Then she spoke to me, adding, “And white people usually go for the thin mints or samoas.”
And in case there was any confusion, this lady was white. And to be honest neither Amuon nor I were really offended by what she was saying. We were just baffled that she would bring it up at all.
We both laughed, finding the situation quite entertaining, and continued to laugh about it for the rest of the day. But it still proved an easy example to draw on just hours later that plays right into the movie’s intentions.
Even though Amuon is used to this sort of exchange and took it pleasantly, he did say that it gets tiring always having race come up in conversations. Like many white people feel the need to acknowledge they are talking to a black person.
And this is basically how the movie starts. White people saying little things to black people, that are just a little too weird and race related for no particular reason. They aren’t offensively racist, but there is still an undertone of highlighting differences based on skin color.
All the white characters “would have voted for Obama a third time, my man”. They are totally cool with black people, and think it is great that he likes shortbread cookies so much. (Okay I added the part about shortbread cookies.)
Very clearly from an experience hours earlier the same day, a theme of the movie had presented itself anecdotally in Amuon’s life. He could further relate to the main character in the movie, because he himself experiences those awkward situations–fist bump.
Proof of the Propaganda
But none of this makes Amuon think really badly of white people… until of course all the white family members try to auction off the main character, Chris, to the highest bidder. Through hypnotic mind control, the buyer will get to inhabit the body of the black person they purchase.
The black person will just be a powerless bystander watching the whole thing from inside their skull, unable to control their own body–just a passenger on a ride. They feel physically ill if they think anything different than what they have been hypnotized to think by Rose’s mother.
The white mother begins sneakily to hypnotize Chris in preparation to hand over his “in fashion” black body to a blind man who wants to see through Chris’s eyes.
Every black person he meets in this tight knit suburb is a captive in their own head–but a little of their true self remains. It shows itself through tears when they internally struggle to continue acting “white”. They must keep their mindset “positive” according to what the white people have hypnotized them to think, or they will become physically ill.
And here is another element, that white people will change the way you think, and force you to be like them, even though you will have to deny your true self. Better to just not hang around white people at all. Self segregate.
Get Out presents both the realistic and far-fetched reason to fear the white devil. In the context of real life, be afraid that white people might change you. In the context of the movie, they pretty much still want you to be a slave, and may actually turn violent if you resist.
So if white people are so ready to use violence to keep blacks in place, then isn’t it justified if blacks use violence to fight back?
And that’s what happens. Chris cleverly frees himself, and goes on a white killing rampage. And just when it looks like a cop has shown up at the wrong time, and will likely gun Chris down, or at least make sure he goes to jail for life, who gets out of the car and saves the day?

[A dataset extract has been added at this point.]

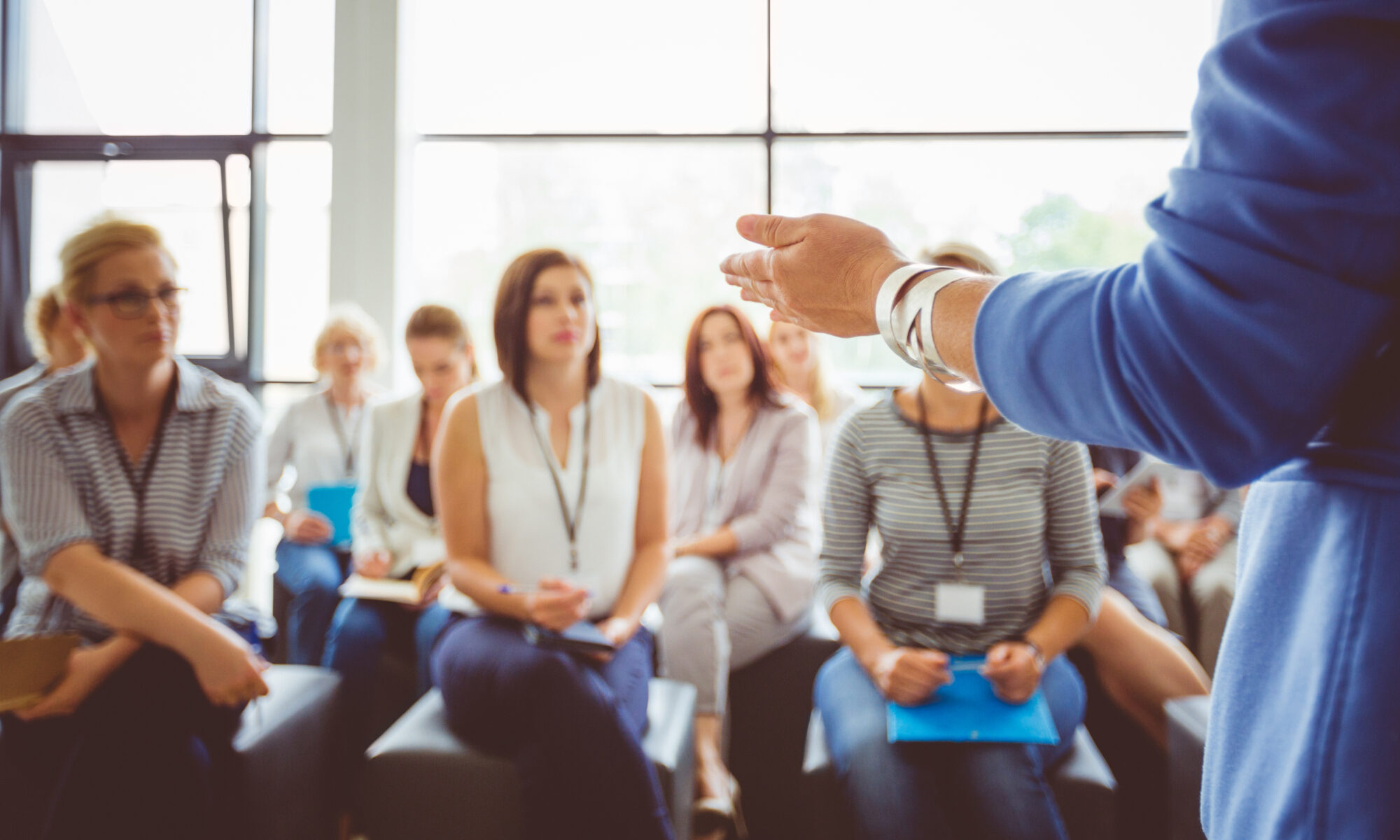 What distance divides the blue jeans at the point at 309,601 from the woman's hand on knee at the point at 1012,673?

Chris’s best friend of course! Rod, the relatable, comical, black TSA agent!
Clever Subtleties Reinforce the Theme
The only white person in the movie who was not a bad guy, was a cop. He was at first very subtly racist, when without cause, he asks Chris for his ID. Rose, the white girlfriend, ends up “saving” Chris from this harassment. Except that Rose is really in on the whole conspiracy against Chris.
The message for the target audience of this propaganda, is that even if the police seem like assholes, they are really trying to protect you.

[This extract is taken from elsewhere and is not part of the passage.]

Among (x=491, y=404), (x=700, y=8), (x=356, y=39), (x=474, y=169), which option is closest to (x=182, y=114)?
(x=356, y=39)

This was reinforced on Facebook in a post which had been shared almost 20,000 times, as of this morning.
Doendre King Winters said:
I have a theory about one scene in the movie “Get out” ok hear me out, you know when they got pulled over and the cop asks Chris for his license even tho he wasn’t driving.. yet the girlfriend tried a little to hard for him to not show his License to the cop. What if the cop was just trying to make sure who he was because alot of black people kept ending up missing in that neighborhood.. what if he wasn’t been racist at all. Maybe he was just doing his job and actually tryna look out for the guy.
So Rose wasn’t trying to protect Chris from a racist, intrusive cop; the officer was really trying to protect Chris from his racist psychopathic girlfriend. He was “just doing his job” but was met with hostility, and backed down. What a shame.
When I asked Amuon what he thought of Rod, the TSA agent, he said that Rod was cool, and that it made sense that the Chris had a TSA agent best friend, since that is a common job in cities.
When I explained my theory to him, Amuon resisted slightly. There were plenty of reasons why the random best friend who barely played into the movie was a TSA agent, right?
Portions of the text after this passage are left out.